Last week (Friday 21 October), a talk was given by Nick Winder from Newcastle University; a key member of a team of ‘science monkeys’, as he put it himself, that were enlisted by the European Union to develop a series of non-resilient cycling models. These would then be used to help set strategies and put plans in place that could lead to a low carbon economy.
The Complex Project (above) was an ambitious venture which set out to design scientific models which would allow the prediction of carbon cycle systems, which cannot easily be observed, and from these models- methods to reduce carbon could be created.
Traditionally, many models use the basis of adaptive cycles (left), which are typically resilient due to the ability to show stability in the form of a sort period cycle which returns to the same place again and again.
Due to the evolving relationship between humans and the environment, this form of model was inadequate as there is a lack of resilience in real life systems.
Therefore a model is required that returns to a different place. This however provides a remarkable problem to scientists who set out to make models, by creating non-resilient models which by nature change their starting place repeatedly, it is impossible to predict the outcome of the simulation.
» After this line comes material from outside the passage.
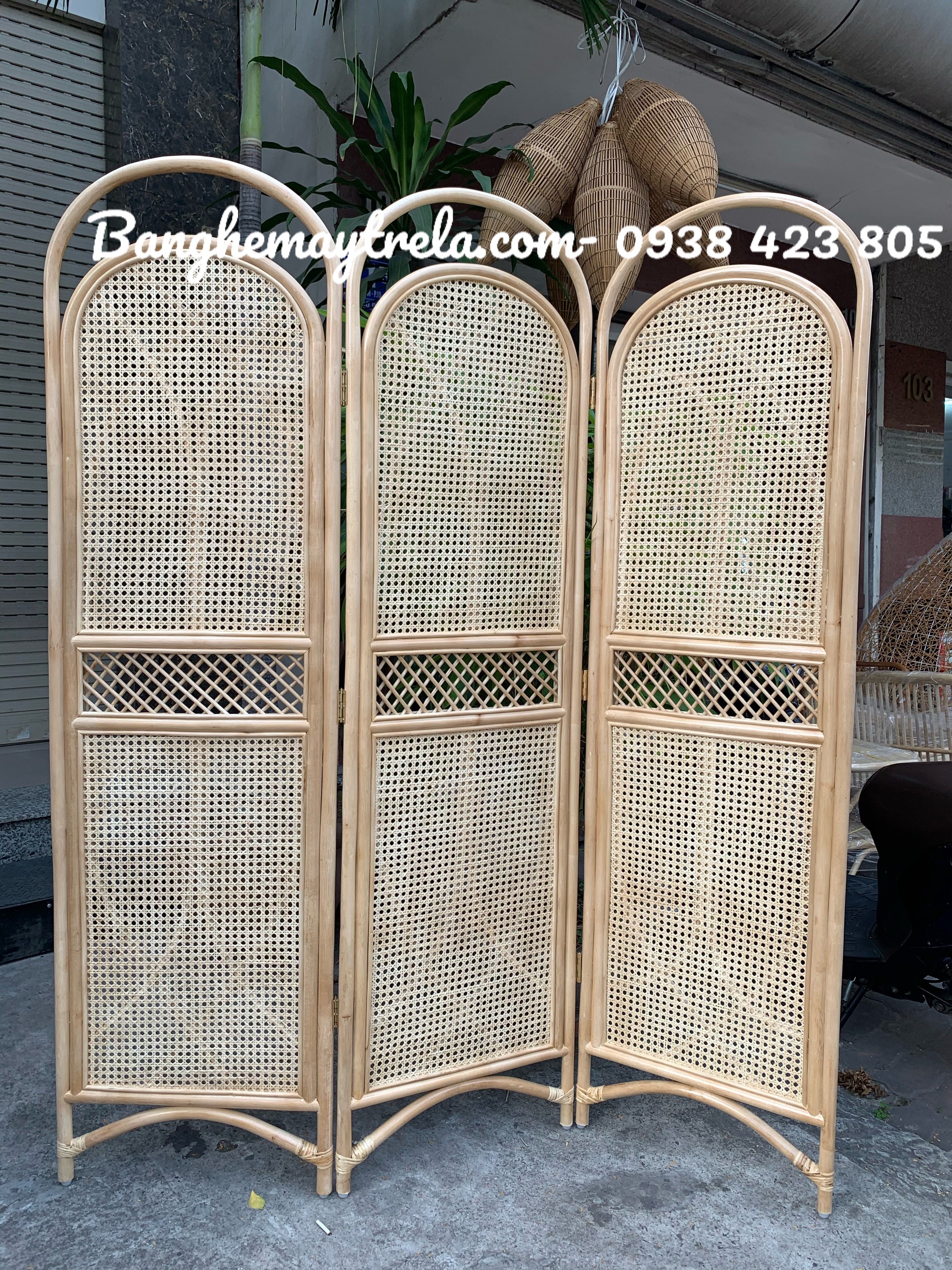 Vách bình phong mây tre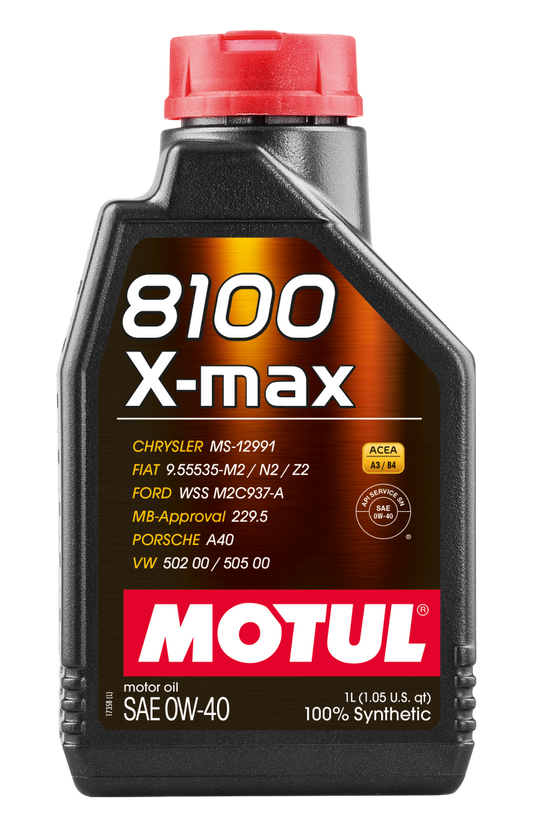 Motul 8100 X-Max 0W-40 Synthetic Engine Oil for BMW and Porsche Vehicles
How does one go about creating a model to represent something that know one knows is going to happen?
This need to create models which are capable of breaking down and being reinvented calls into question several forms of doubt-
- Uncertainness, as in the question of “What will happen in the model?”
- Meaninglessness, as in the question of “Will the outcome be useful?”
All these requirements have lead to the choice of one specific form of model, a Participatory Model.
This requires a stakeholder community (often including other scientists as well as donors) and the focal environment or landscape to be modelled. The model will then be created to represent the system as best as possible, and then tested rigorously to highlight any weaknesses. One must also consider within this model the multiple levels of causality built around various spatial and temporal factors.
Personally, as a Zoologist with a keen interest in Animal Behaviour, I find this to be a subject that I have little understanding of and no particular desire to invest in. The talk gave an interesting insight into the use of scientific models, however the speaker gave most details at a complexity level above novice (which is where I stand in this topic) so I struggled to follow. I was disappointed by the startling lack of information regarding the results of the project and little to no mention of carbon at all.
Due to this, I would say it has confirmed my choice of subject areas in which I wish to look for a career. This talk has had little effect on my overall goals.
Complex have since published ~70 papers with more to come.